What this task involves: Reproduce exactly, and exclusively, the lines from the line containing "Snapshot of LadyNocturne" through the final line of the listing below.
--- Data supplied Enclosed Below ---
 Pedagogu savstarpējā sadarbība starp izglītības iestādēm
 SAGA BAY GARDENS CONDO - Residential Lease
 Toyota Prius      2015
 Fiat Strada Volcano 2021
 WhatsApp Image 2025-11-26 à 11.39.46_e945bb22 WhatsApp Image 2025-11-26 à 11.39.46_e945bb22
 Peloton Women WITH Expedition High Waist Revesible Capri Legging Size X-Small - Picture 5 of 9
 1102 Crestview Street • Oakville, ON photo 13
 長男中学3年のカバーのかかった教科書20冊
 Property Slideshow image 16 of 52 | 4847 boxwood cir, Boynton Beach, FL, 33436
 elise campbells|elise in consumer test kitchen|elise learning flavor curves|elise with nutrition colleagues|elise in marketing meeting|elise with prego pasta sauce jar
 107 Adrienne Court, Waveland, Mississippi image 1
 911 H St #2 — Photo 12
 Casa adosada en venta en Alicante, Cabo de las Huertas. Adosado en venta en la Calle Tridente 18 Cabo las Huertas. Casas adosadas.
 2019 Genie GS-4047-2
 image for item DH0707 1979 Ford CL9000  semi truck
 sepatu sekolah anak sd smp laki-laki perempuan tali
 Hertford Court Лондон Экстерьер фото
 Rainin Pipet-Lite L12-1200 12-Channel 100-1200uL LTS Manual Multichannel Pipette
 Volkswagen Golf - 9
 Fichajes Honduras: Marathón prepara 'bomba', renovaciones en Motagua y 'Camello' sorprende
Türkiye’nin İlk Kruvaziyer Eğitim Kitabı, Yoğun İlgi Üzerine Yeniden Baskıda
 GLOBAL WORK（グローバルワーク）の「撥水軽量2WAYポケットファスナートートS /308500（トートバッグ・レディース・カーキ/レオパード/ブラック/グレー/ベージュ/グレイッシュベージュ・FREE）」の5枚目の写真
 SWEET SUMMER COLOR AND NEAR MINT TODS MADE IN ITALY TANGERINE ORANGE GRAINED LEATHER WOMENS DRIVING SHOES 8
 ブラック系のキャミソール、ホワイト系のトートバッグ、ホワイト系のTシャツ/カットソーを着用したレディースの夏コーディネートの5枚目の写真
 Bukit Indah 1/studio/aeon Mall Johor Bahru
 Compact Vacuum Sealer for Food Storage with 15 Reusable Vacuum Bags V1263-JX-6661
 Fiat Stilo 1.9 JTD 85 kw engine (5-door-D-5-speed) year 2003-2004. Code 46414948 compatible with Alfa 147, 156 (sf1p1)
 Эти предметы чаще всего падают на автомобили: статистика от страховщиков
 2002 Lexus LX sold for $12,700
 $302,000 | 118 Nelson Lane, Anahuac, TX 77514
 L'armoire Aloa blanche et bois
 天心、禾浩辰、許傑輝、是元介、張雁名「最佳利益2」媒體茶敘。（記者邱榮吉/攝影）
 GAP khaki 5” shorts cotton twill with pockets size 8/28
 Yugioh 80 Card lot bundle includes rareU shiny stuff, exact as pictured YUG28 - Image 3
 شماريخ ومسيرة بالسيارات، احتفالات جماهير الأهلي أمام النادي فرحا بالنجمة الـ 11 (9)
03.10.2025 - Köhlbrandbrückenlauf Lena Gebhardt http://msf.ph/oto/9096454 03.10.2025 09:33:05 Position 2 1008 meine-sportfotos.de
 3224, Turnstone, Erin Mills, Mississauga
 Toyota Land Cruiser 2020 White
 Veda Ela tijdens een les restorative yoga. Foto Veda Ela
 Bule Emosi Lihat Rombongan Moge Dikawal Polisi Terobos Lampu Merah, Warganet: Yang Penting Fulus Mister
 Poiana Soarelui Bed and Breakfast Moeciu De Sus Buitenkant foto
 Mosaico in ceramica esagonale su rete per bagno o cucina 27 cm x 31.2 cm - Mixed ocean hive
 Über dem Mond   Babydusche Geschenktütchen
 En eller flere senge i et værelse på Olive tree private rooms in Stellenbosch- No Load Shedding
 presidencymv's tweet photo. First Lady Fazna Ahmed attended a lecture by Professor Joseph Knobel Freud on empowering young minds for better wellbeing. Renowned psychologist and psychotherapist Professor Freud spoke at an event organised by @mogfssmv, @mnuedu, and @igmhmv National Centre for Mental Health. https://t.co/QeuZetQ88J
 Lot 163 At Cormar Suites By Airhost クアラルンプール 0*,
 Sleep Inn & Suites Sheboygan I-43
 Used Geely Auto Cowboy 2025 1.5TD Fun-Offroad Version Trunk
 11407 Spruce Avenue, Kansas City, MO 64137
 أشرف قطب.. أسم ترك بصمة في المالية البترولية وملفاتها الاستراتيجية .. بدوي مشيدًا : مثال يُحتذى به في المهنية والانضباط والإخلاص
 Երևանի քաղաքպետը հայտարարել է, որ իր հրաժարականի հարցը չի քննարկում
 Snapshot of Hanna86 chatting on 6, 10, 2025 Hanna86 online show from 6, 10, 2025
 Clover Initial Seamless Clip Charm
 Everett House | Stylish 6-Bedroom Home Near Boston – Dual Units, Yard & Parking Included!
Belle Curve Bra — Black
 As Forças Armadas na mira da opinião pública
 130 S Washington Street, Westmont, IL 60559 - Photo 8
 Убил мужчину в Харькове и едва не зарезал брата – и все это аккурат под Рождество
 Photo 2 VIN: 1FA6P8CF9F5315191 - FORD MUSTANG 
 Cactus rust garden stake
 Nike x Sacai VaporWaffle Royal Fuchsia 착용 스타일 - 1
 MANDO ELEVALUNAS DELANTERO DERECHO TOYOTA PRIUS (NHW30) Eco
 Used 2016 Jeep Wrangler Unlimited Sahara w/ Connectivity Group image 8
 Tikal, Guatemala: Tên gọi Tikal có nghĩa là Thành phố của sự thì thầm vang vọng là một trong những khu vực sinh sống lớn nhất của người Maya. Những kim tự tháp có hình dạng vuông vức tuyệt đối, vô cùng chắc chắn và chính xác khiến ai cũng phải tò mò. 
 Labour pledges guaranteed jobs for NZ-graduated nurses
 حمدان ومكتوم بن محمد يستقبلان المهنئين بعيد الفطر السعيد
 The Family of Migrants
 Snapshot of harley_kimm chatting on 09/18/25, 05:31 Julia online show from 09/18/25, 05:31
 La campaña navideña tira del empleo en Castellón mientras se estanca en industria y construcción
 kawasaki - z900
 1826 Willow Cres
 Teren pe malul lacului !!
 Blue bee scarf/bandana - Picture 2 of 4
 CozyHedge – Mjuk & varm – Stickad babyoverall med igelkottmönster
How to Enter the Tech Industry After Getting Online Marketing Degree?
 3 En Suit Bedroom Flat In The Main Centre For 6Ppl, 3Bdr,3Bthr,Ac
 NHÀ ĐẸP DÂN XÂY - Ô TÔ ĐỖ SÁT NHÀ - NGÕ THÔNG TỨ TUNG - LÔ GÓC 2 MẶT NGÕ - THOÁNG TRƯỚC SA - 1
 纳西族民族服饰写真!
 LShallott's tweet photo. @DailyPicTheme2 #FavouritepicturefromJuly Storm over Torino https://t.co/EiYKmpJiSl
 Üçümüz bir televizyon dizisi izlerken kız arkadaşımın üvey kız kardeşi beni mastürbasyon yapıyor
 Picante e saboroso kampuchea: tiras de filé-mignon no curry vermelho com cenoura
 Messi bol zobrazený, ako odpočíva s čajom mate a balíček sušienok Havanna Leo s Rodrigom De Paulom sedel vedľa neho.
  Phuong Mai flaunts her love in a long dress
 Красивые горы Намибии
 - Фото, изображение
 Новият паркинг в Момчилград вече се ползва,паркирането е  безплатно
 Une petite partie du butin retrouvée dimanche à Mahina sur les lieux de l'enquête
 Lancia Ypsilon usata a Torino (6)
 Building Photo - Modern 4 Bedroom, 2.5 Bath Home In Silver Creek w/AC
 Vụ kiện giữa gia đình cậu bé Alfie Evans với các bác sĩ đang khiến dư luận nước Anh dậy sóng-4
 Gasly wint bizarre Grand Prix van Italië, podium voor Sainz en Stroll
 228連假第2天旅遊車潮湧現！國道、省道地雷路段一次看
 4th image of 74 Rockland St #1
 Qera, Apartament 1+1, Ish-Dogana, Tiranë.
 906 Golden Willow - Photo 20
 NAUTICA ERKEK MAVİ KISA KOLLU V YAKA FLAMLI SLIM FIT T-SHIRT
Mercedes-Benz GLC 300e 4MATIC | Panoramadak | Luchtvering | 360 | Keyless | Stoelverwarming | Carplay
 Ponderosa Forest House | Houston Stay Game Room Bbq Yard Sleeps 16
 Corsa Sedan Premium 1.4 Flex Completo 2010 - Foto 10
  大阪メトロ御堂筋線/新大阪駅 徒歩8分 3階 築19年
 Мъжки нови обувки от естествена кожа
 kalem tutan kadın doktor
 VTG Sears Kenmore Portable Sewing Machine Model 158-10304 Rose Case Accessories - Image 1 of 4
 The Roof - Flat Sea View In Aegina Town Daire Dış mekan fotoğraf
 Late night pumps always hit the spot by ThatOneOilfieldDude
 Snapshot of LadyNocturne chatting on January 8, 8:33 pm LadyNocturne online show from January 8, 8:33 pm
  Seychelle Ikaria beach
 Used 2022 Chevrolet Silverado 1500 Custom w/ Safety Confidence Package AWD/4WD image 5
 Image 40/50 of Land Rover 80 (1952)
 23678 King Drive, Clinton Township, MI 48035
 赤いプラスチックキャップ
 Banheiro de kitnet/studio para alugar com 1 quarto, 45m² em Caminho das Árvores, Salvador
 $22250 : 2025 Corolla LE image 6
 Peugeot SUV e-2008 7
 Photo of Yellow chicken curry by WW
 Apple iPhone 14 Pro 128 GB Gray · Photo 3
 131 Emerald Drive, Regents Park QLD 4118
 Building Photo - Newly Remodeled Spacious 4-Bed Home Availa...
--- End of Enclosed Data supplied ---
Solution to this exercise:
 Snapshot of LadyNocturne chatting on January 8, 8:33 pm LadyNocturne online show from January 8, 8:33 pm
  Seychelle Ikaria beach
 Used 2022 Chevrolet Silverado 1500 Custom w/ Safety Confidence Package AWD/4WD image 5
 Image 40/50 of Land Rover 80 (1952)
 23678 King Drive, Clinton Township, MI 48035
 赤いプラスチックキャップ
 Banheiro de kitnet/studio para alugar com 1 quarto, 45m² em Caminho das Árvores, Salvador
 $22250 : 2025 Corolla LE image 6
 Peugeot SUV e-2008 7
 Photo of Yellow chicken curry by WW
 Apple iPhone 14 Pro 128 GB Gray · Photo 3
 131 Emerald Drive, Regents Park QLD 4118
 Building Photo - Newly Remodeled Spacious 4-Bed Home Availa...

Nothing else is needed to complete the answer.